Carbon Monoxide: A Cautionary Tale

I had a scary thing happen St. Patrick’s Day night. One of my sons said he smelled gas in the house while sitting in the office in the basement on the computer, which is next to the furnace room. My kids Dad, happened to be coming by and smelled it some too, so he turned the emergency gas switch off, then went around the house opening windows.

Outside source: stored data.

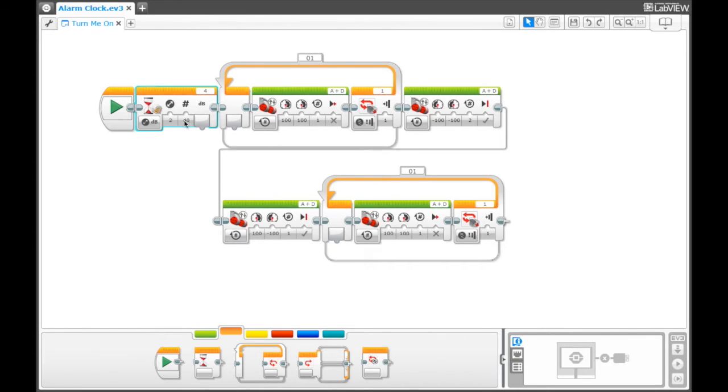So you have to play around and find what the right sensitivity is for your purpose.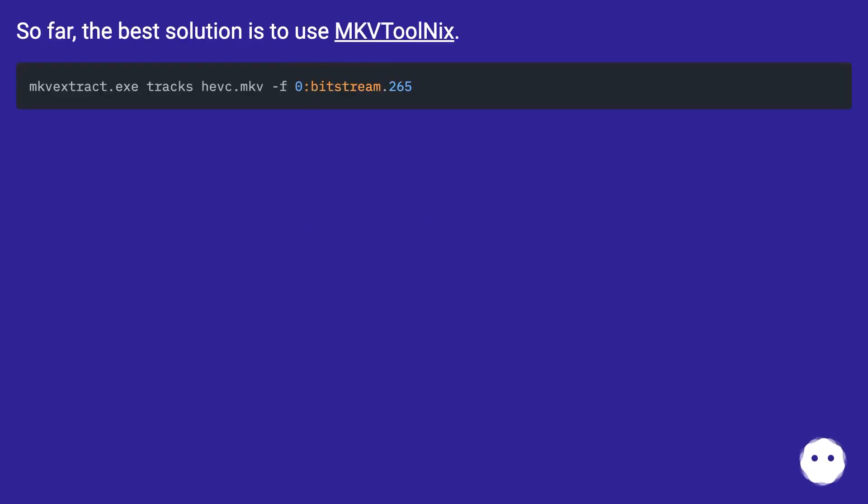So far, the best solution is to use MP4Box/mkvtoolnix.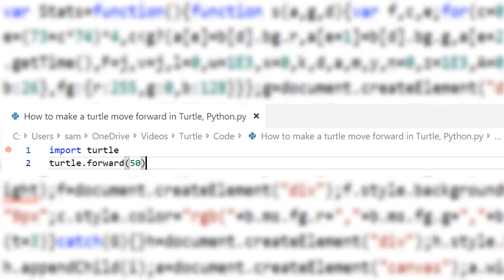When you have done that, import turtle. Then the command to move it is turtle.forward and then the amount you want to move it in brackets. That's it. Now when you run it you will see a horizontal line.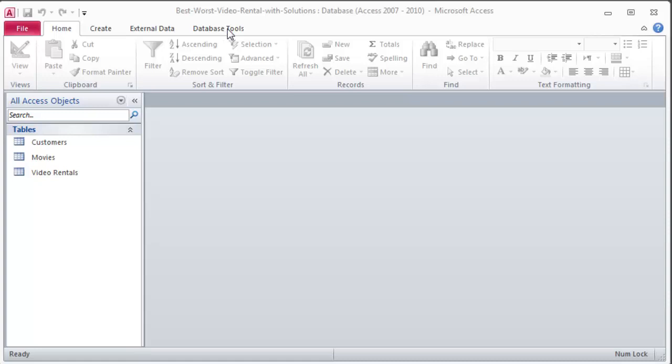This is an actual assignment in our Access class and you can download the database to do this assignment and the directions. There will be a link in the description below for this video.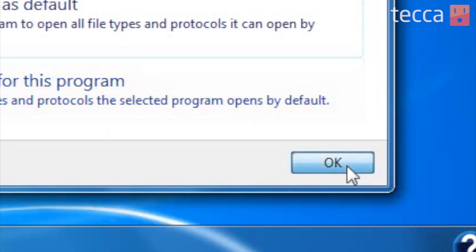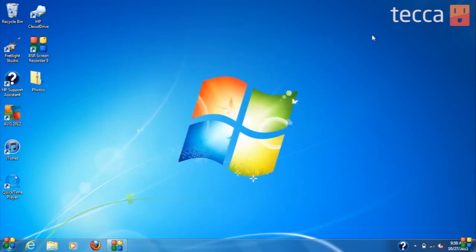We click OK, close out our control panel window, and you've done it. You've set a default program in Windows 7. Now you can actually do that with other programs like music players or video players — so if you want to use QuickTime as opposed to Windows Media Player, you can do that. That's been Just Show Me on Tekka TV. Be sure to check out Tekka.com for all of our other content, and we'll see you next time.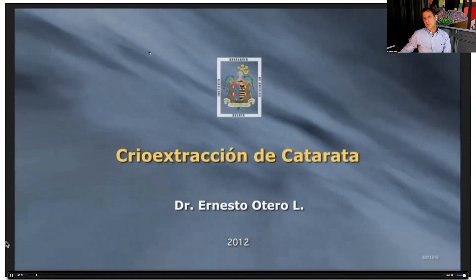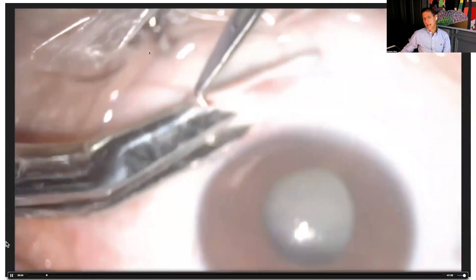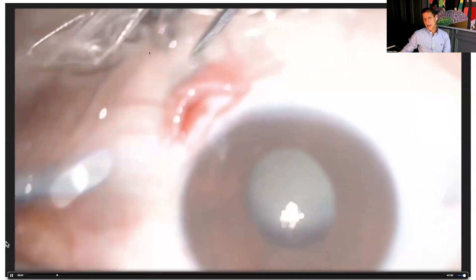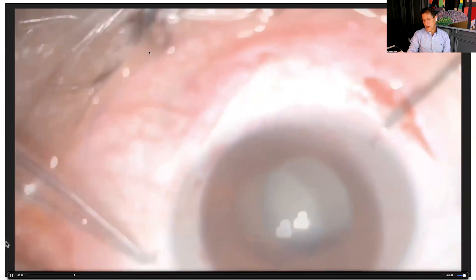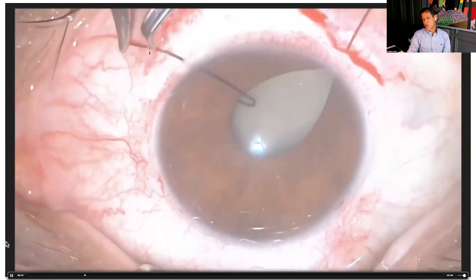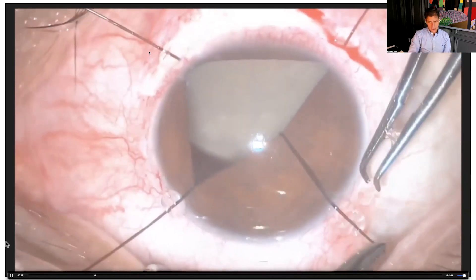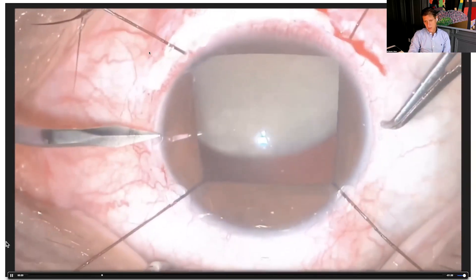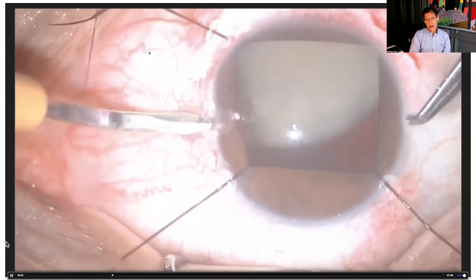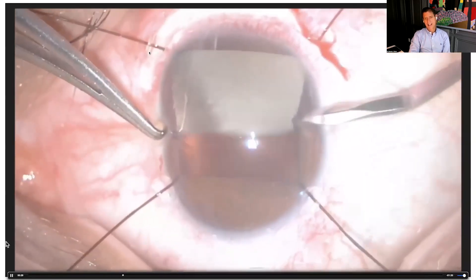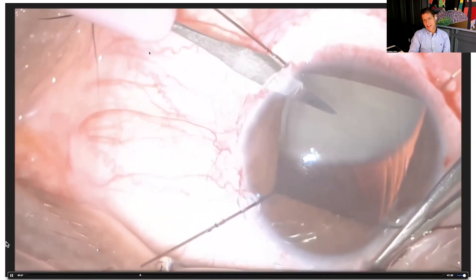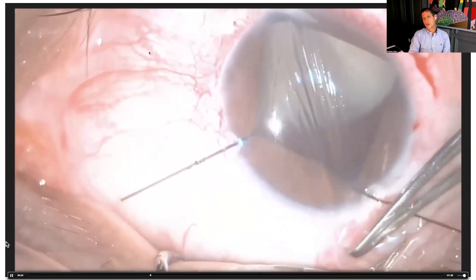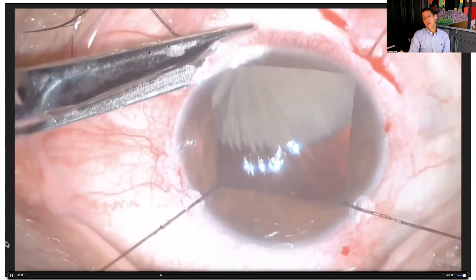For more complex cases — a highly subluxated, very dense cataract in a patient who had prior vitrectomy for retinal detachment — he came from Panama with this dangling cataract in a vitrectomized eye. I decided to perform a cryo-extraction of the cataract.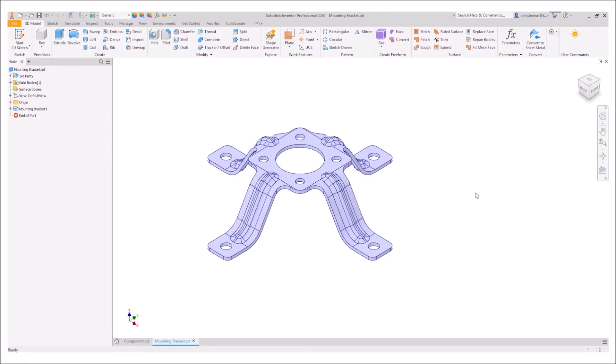Let's have a look at the new unwrap command inside of Autodesk Inventor 2020. The new tool allows us to flatten components that might not necessarily flatten using traditional sheet metal components.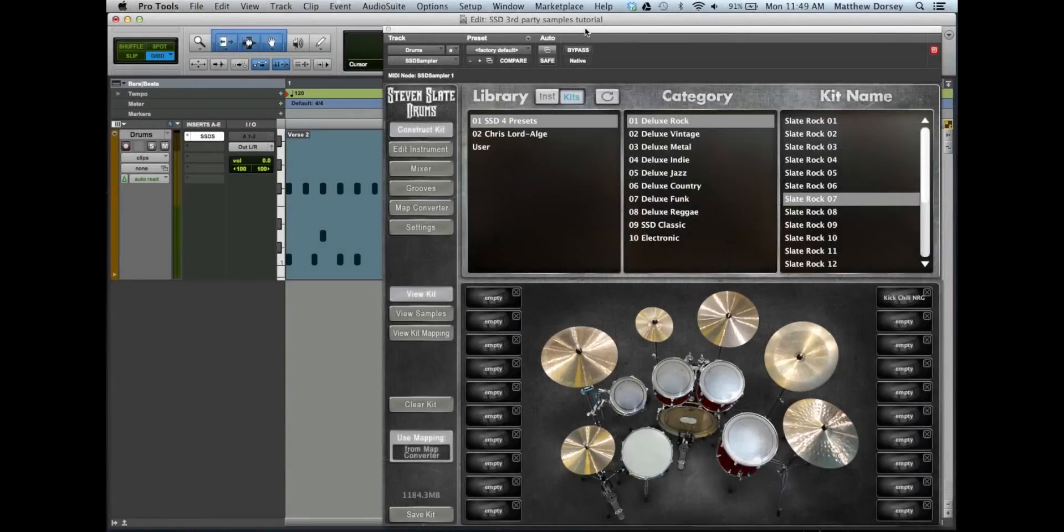Hi guys, this is Matt Dorsey, product specialist at Steven Slate Drums, and today I want to show you how you can load third-party samples into SSD and create your own kit.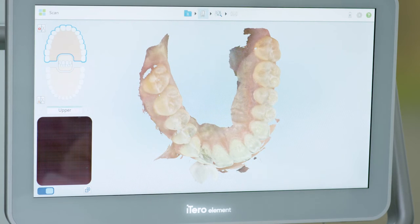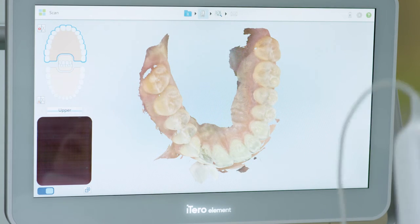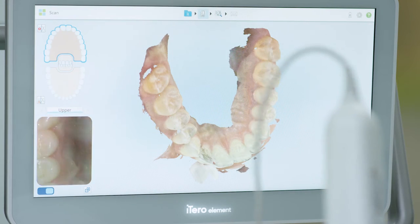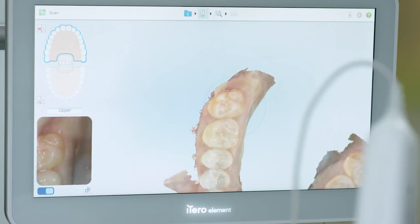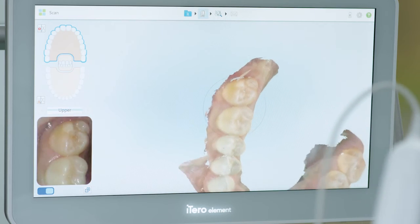If this is an Invisalign scan, confirm that all areas of missing anatomy are filled.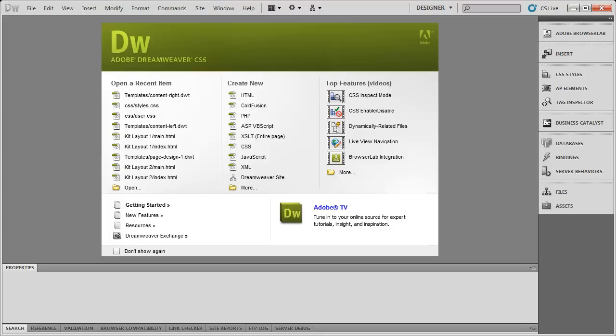But I wanted to take just a moment to answer a question that I've been getting a lot lately, and that's what do I know about the upcoming release of Dreamweaver CS6, the new version of Dreamweaver that people are expecting out fairly shortly in the Creative Suite 6 package.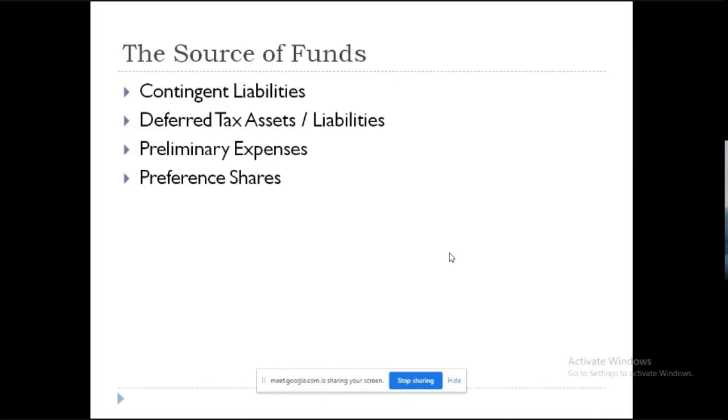If the company has a profit, then the first preference shares can be given. Then the equity shares can be given. They have a preference. They have a priority over the equity shareholders.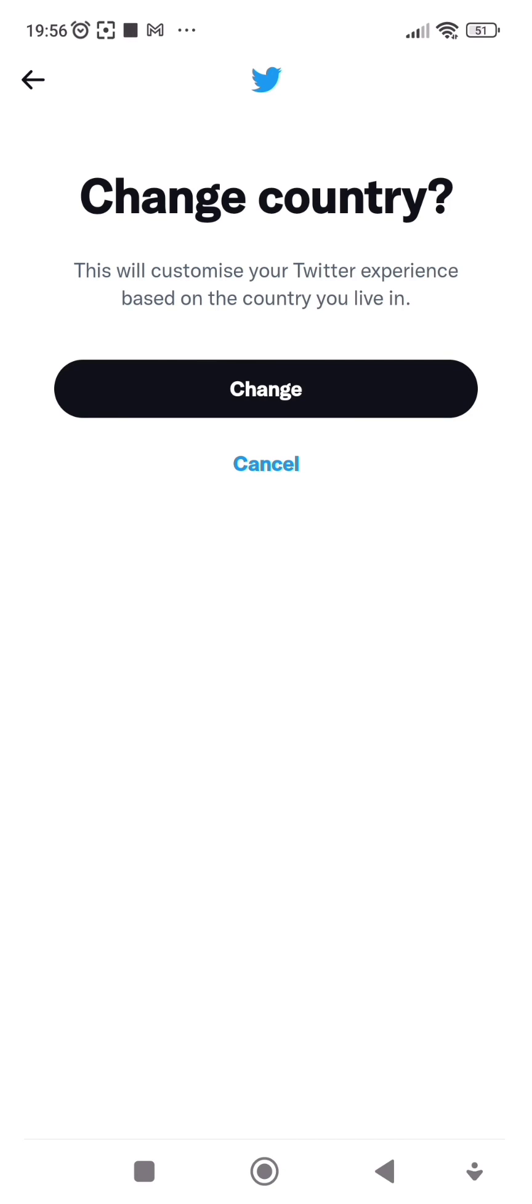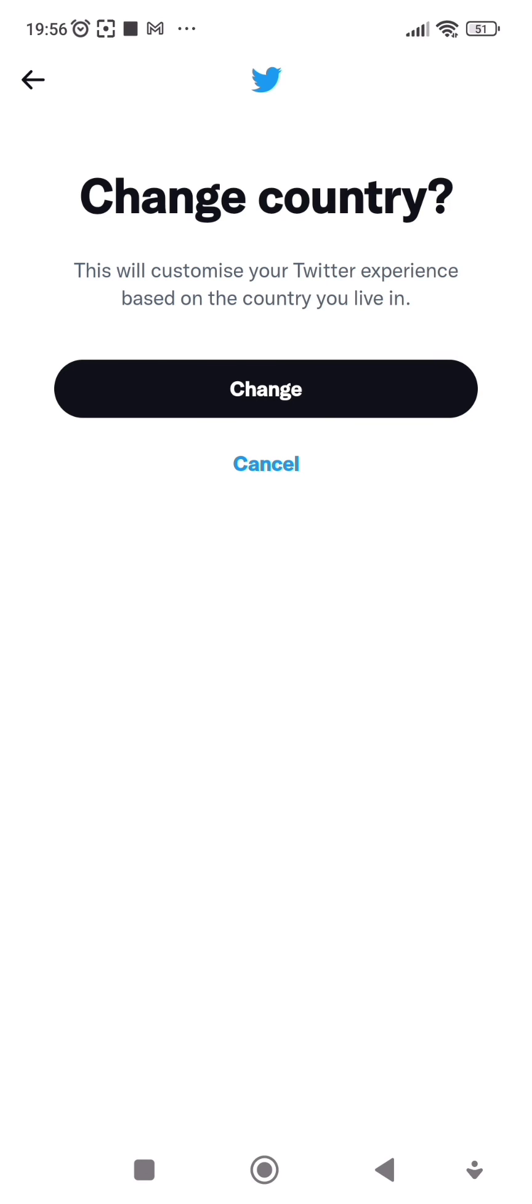So guys, that is it on how to change country on Twitter accounts. I believe this tutorial is helpful. If it is, kindly give me a thumbs up by liking this video. And please don't forget to subscribe to my channel if you are yet to do so. I will see you guys in my next video.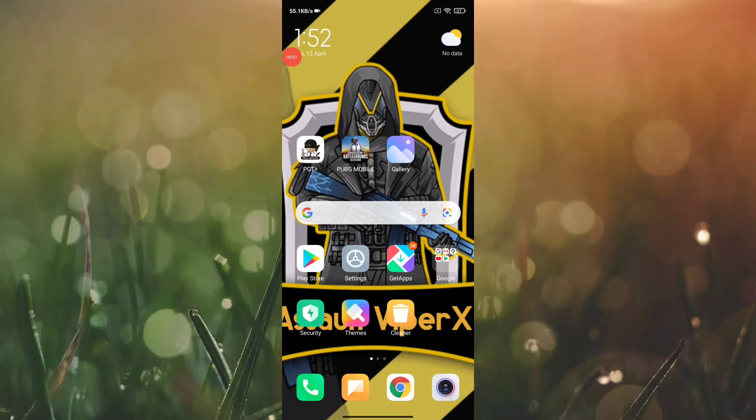Hi guys, in this video we are going to show you how to control the iPad view on Android. I am using Redmi Note 9 Pro, a Xiaomi phone.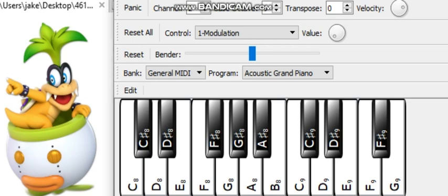Hi guys, Iggy Cooper here again. Here are all frequencies based on MIDI notes.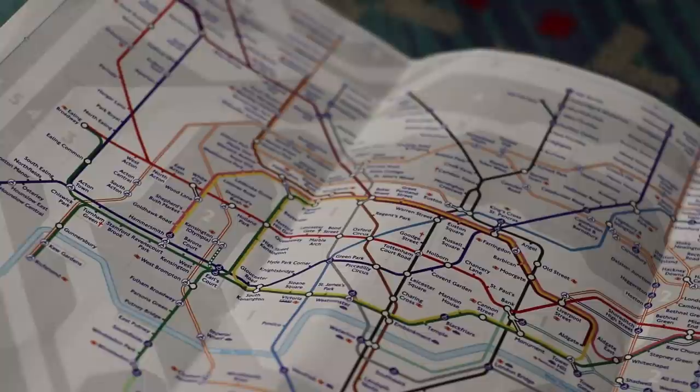It occurred to me with the tube map that there's a lot of colors that we instinctively know, so how much fun would it be if we then change some of those colors around?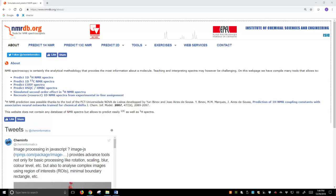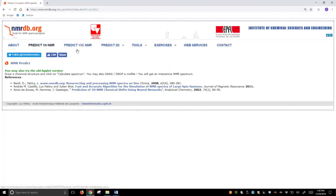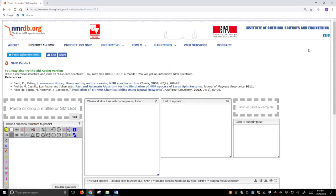So we're on the homepage of nmrdb.org, and we want to click on Predict H1 NMR, Predict a Proton NMR, and here comes the webpage that contains all the tools.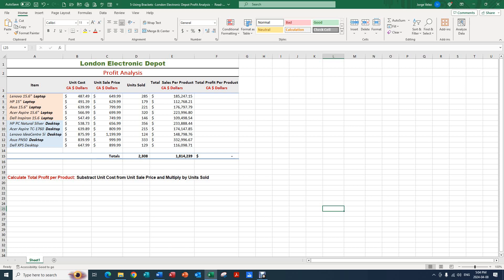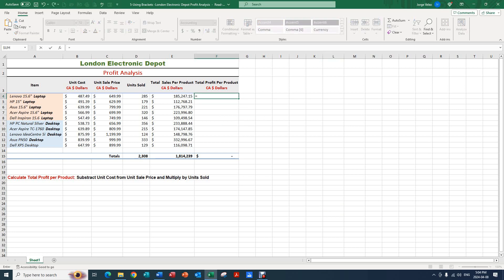What we're going to do is select the cell F4, press the equal sign on our keyboard, do an opening bracket, then select C4 and subtract it from B4, do a closing bracket, and then multiply this by D4 which is the unit sold.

The boys and I gathered clothes for a few days, grabbed our laptops, the dog, and I ran around grabbing photos from years ago that I don’t have digital copies of. A few bins of photos, VHS tapes of my kids when they were little, mementos, kids’ scrapbooks— stuff that can’t be replaced. All within 10 minutes. It was a mad dash. I had no idea what would happen. We packed the car and drove to stay with my parents that night, knowing gas was off, electric was off, and windows were open, but not knowing how long we may be out of the house.

I called the gas company (National Grid customer service sucks by the way and it took them over 3 hours to get here). Once they got here, they tested everything coming into the house—turns out no gas leak, except when lighting my gas stove (a Viking that has never worked right) that clicks for about 30 seconds before lighting, so there’s a slight smell of gas from that. He then went to the furnace room. No gas leak there either, but the carbon monoxide reading was 290 parts per million, then went up to 700! At 700 we would be nauseous and dizzy within the hour, and after two hours of exposure we would be unconscious. It was nighttime, so we would have gone to sleep not realizing the silent danger lurking in the basement.

I have been feeling “off” since March 1st, even had a doctor’s appointment on the 4th. Nothing wrong. No strep, no Covid— maybe something viral they said. Prescribed an antibiotic. Still felt odd almost three weeks later.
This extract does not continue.